An LLM Chat Plants the Seed

To come up with small projects to do in preparation for job interviews (contact me if you need a cheminformatics scientific software developer!), I interactively asked ChatGPT for suggestions. It suggested

Cheminformatics-Flavored Algorithm Problem A classic coding challenge but wrapped in a domain-relevant context.

Example Prompt:

“You are given a list of SMILES strings. Write a function that identifies and counts the number of unique scaffolds using the Bemis-Murcko scaffold definition. Use RDKit.”

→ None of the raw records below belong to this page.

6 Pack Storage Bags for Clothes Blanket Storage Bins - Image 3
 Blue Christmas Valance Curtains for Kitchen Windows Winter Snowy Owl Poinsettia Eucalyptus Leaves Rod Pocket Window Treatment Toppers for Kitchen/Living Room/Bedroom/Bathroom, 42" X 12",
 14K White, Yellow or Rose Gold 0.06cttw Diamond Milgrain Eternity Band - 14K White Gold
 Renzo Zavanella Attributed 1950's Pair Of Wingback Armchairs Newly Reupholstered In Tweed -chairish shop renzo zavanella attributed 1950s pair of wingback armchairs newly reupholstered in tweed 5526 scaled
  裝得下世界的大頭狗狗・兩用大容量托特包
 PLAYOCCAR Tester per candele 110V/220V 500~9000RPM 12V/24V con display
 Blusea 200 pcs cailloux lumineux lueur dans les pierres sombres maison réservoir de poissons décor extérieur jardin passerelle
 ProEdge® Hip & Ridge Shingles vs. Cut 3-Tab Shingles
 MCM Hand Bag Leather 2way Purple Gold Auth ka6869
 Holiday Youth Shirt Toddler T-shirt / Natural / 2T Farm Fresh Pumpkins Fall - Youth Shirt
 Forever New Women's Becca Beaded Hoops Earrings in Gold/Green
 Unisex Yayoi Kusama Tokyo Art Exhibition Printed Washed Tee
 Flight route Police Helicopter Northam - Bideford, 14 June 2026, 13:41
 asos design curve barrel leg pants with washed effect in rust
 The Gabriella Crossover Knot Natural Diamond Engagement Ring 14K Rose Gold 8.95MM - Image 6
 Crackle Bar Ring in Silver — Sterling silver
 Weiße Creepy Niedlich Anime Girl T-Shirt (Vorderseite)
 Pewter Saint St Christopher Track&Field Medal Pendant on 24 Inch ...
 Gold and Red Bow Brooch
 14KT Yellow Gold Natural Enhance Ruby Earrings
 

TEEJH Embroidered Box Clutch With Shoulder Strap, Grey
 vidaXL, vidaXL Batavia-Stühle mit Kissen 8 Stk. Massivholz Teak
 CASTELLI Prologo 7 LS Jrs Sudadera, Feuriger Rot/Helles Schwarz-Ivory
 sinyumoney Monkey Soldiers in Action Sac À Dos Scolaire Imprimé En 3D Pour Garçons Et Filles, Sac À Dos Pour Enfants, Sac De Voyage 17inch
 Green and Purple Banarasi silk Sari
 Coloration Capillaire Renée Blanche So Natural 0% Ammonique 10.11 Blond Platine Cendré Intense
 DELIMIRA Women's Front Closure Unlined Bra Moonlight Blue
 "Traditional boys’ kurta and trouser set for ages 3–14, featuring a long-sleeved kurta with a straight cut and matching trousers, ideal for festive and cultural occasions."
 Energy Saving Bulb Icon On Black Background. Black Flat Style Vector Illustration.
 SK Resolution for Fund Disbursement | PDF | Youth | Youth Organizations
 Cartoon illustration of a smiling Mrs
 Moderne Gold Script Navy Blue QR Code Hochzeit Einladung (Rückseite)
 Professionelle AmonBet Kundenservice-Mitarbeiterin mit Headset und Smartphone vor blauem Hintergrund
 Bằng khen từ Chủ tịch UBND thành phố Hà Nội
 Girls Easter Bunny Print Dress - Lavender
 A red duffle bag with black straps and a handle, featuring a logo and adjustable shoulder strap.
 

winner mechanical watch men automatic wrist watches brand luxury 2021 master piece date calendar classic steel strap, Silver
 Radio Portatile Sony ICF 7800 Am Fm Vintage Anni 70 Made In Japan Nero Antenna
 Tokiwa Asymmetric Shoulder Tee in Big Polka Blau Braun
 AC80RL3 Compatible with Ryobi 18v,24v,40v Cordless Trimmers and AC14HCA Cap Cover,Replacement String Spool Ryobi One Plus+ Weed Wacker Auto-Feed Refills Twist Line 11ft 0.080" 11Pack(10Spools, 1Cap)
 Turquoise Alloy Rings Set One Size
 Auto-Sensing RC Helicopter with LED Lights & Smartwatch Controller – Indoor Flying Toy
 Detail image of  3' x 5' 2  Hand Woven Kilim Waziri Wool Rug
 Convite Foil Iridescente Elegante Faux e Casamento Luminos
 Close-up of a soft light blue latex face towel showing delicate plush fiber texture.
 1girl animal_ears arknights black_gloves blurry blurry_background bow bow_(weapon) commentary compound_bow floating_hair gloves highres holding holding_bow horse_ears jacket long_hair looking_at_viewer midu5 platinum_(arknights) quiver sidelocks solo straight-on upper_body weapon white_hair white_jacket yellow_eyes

The Murcko Scaffolds Blog Post

I wrote code to find the Murcko scaffold for a set of molecules, then determine the count of unique scaffolds. That answered the ChapGPT challenge.

But as usual, I wanted to visualize the results. So I grouped the molecules by scaffold, then used MolsMatrixToGridImage (which I contributed to the RDKit) to display each scaffold as a row with its molecules to the right.

I contributed the Murcko Scaffolds Tutorial post to the RDKit blog. Thanks to Greg Landrum for publishing the post on that blog!

Molecular grid displaying each of three Murcko scaffolds as a row, with 1-3 molecules to the right of that scaffold

Another LLM Tool is Applied to Reproduce My Visualization

A couple weeks later, I saw a LinkedIn post about an RDKit model context protocol (MCP) server whose molecular visualization looked awfully familiar: A row for each scaffold with its molecules to the right. The authors indeed used my blog post as a test case of their RDKit Copilot!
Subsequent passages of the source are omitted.